This Turkey Pasta Bake is a must-try! I’ve been cooking this pasta dish for the longest time, and I wanted to share this with you finally. It’s super easy to do and tastes so great. I love making this when I am craving a good pasta dish that can satisfy me quickly.
Turkey Pasta BakePrint Recipe
- Pasta Ingredients
- 1 1/2 cup of whole-grain pasta shells
- 1 tablespoon of olive oil
- 1 white onion, chopped
- 1 yellow bell pepper, chopped
- 1 zucchini, chopped
- 3 carrots, chopped
- 1 can of stewed tomatoes
- 1 cup of mushrooms, chopped
- 1 cup of tomato sauce
- 10 basil leaves, chopped
- 1/2 cup of parsley, chopped
- 1 teaspoon of garlic salt
- 1/2 teaspoon of red pepper flakes
- 3/4 cup low-fat mozzarella cheese
- 1/2 cup of parmesan cheese
- For Serving Ingredients
- 1 cup of spinach leaves
- Preheat oven to 350 degrees.
- In are large soup pot, add noodles, tomato soup, and water. Bring to a boil, then reduce to medium until noodles are nearly cooked.

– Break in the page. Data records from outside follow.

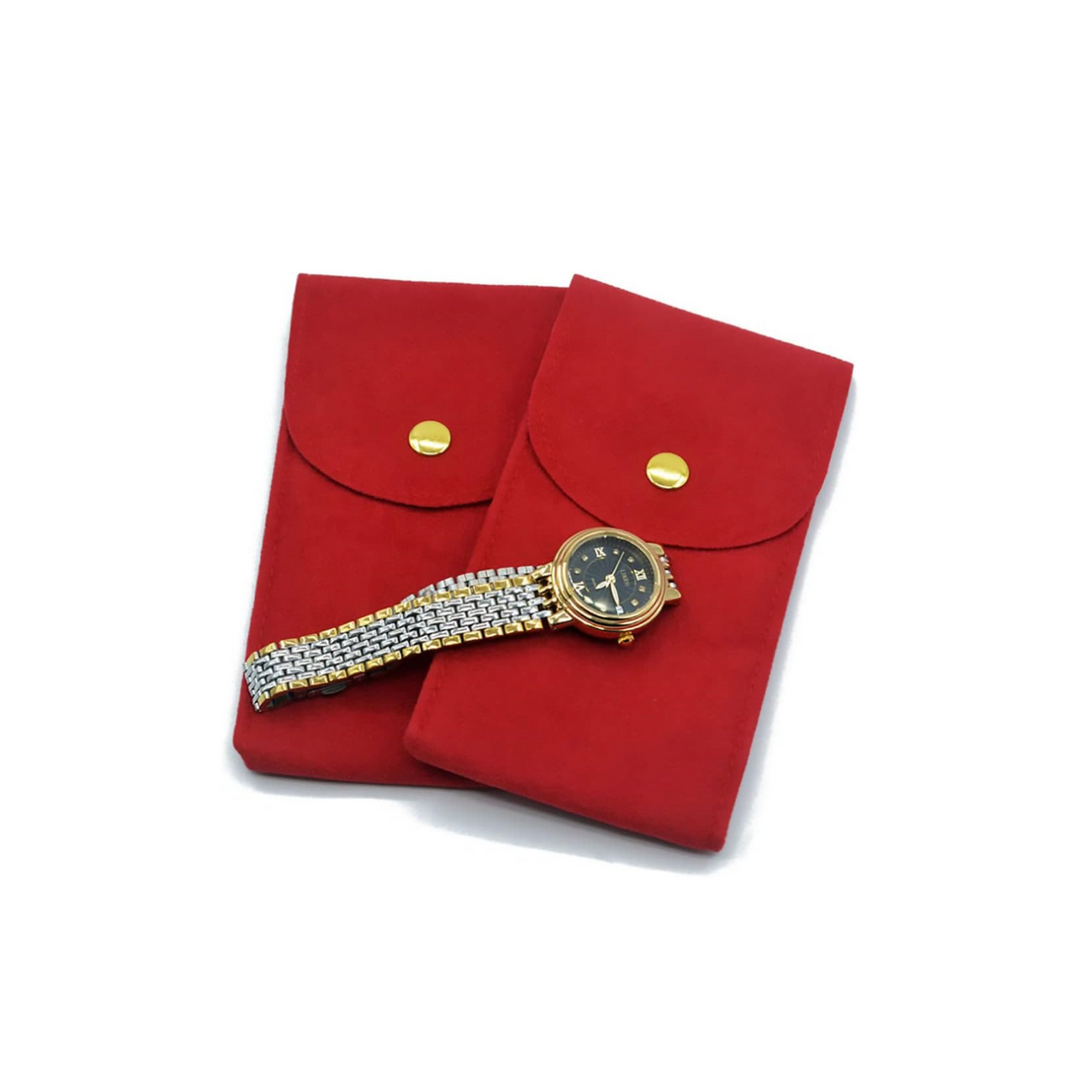 Premium Red Single Slot Fabric Watch Pouch - Leather Purse Backpack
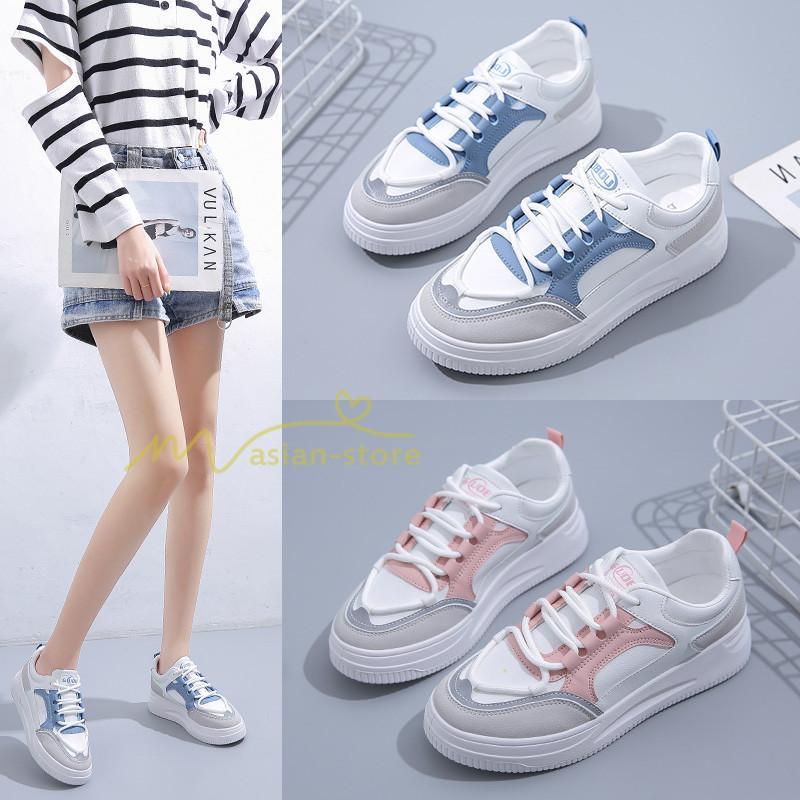 スニーカー | スニーカー レディース レディースシューズ ローカット 靴 フラットシューズ ぺたんこ ウォーキングシューズ Pu革 厚底靴 歩きやすい 厚底スニーカー 美脚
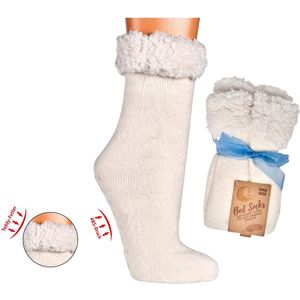 Bedsokken | dames sokken | kleur wit | Anti slip | maat 36-41 | per 2 paar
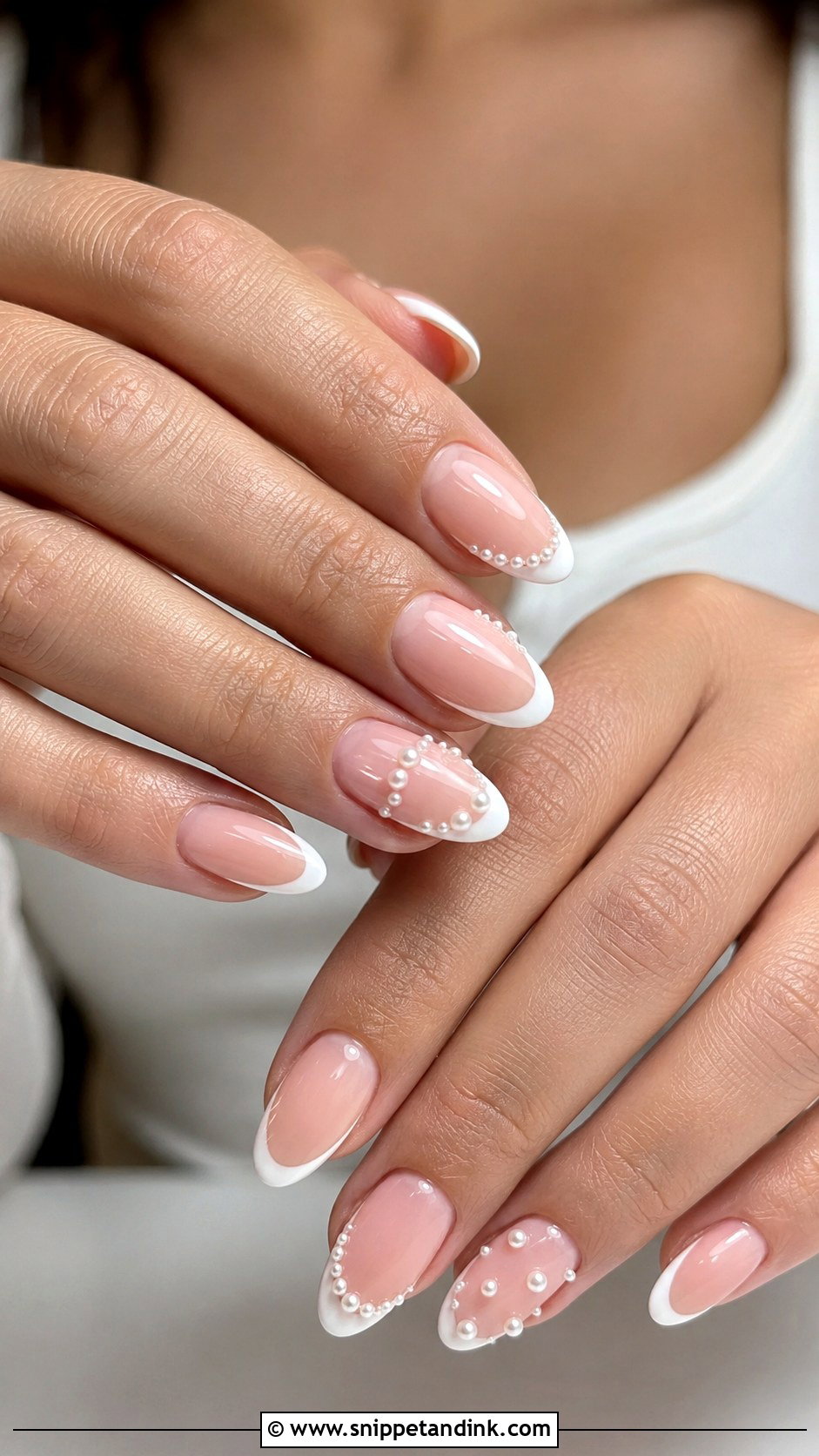 Pearl French Wedding Nails - Snippet and Ink - 20 Fun Wedding Nails for Bride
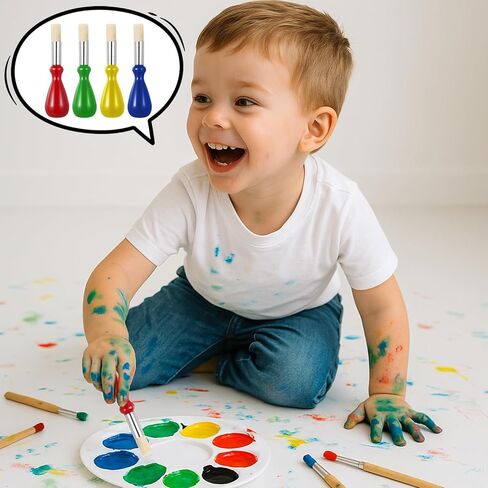 Jeffdad 4PCS Toddler Paint Brushes, Chubby Paint Brushes for Kids, Washable Easy Grip Paintbrushes Preschool Kids Paint Brush for Toddlers 1-3 for Watercolor Painting Art Supplies Craft Projects in Saudi Arabia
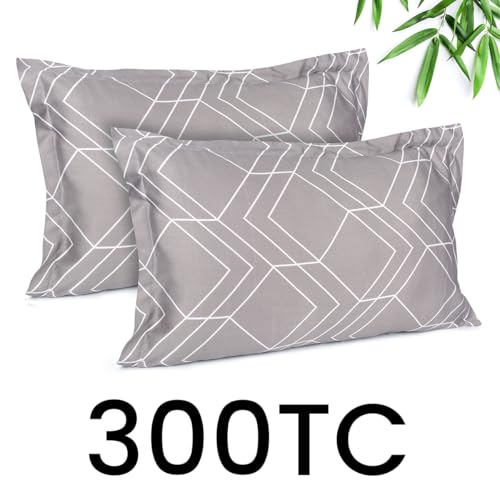 Image of Mush Bamboo Printed Pillow Cover Set of 2 | 100% Bamboo Pillow Cover for Hair and Skin | 300 TC | Breathable, Silky Soft and Envelope Pillowcases | 17 inchx27 inch Geometric Print, Grey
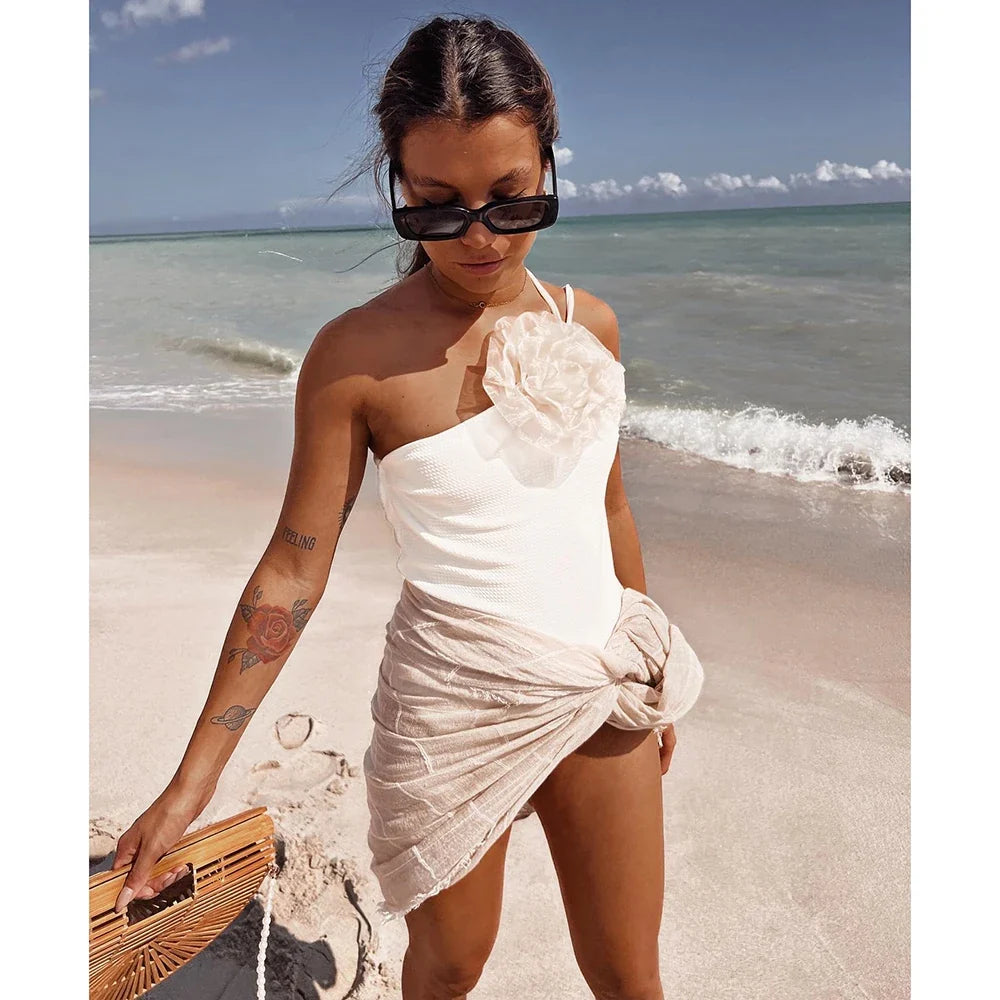 Solid White Lace Up Floral Backless One Piece Swimwear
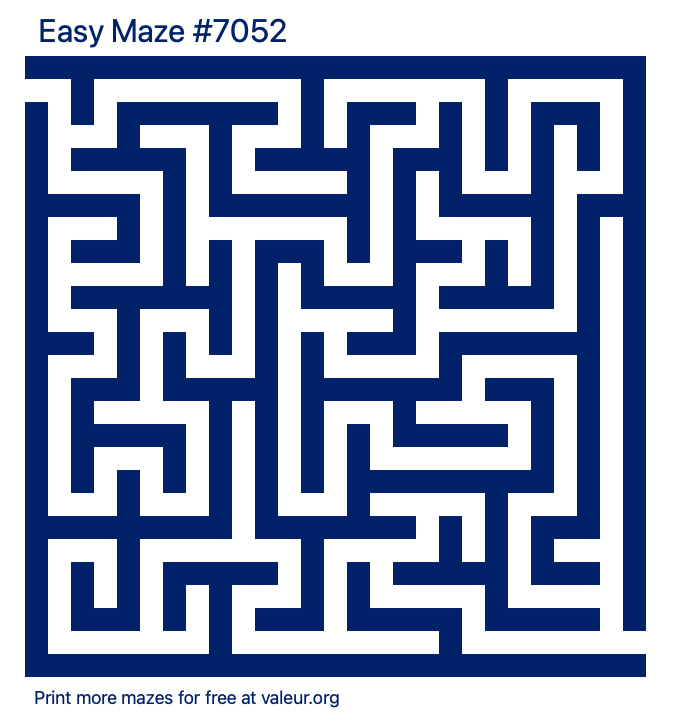 Free Printable Easy Maze number 7052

Once done, drain soup and water from noodles and set them aside.
- While noodles are cooking, add olive oil, onion, turkey, and garlic to a large skillet. Brown the meat. Then add in zucchini, carrots, and stewed tomatoes. Cook on medium heat for about 5 minutes. Add mushrooms, tomato sauce, basil, parsley, salt, red pepper flakes and drained noodles. Stir together and let cook for 4 minutes.
- Pour turkey and noodle mixture into a large pyrex or separate ramekins, sprinkle mozzarella cheese over the top and stir it to blend it in a bit. Add parmesan cheese and bake for about 20 minutes.
- To serve, place spinach leaves in the bottom of a bowl and ladle pasta bake over the top. The leaves should wilt and will be the perfect addition to the pasta.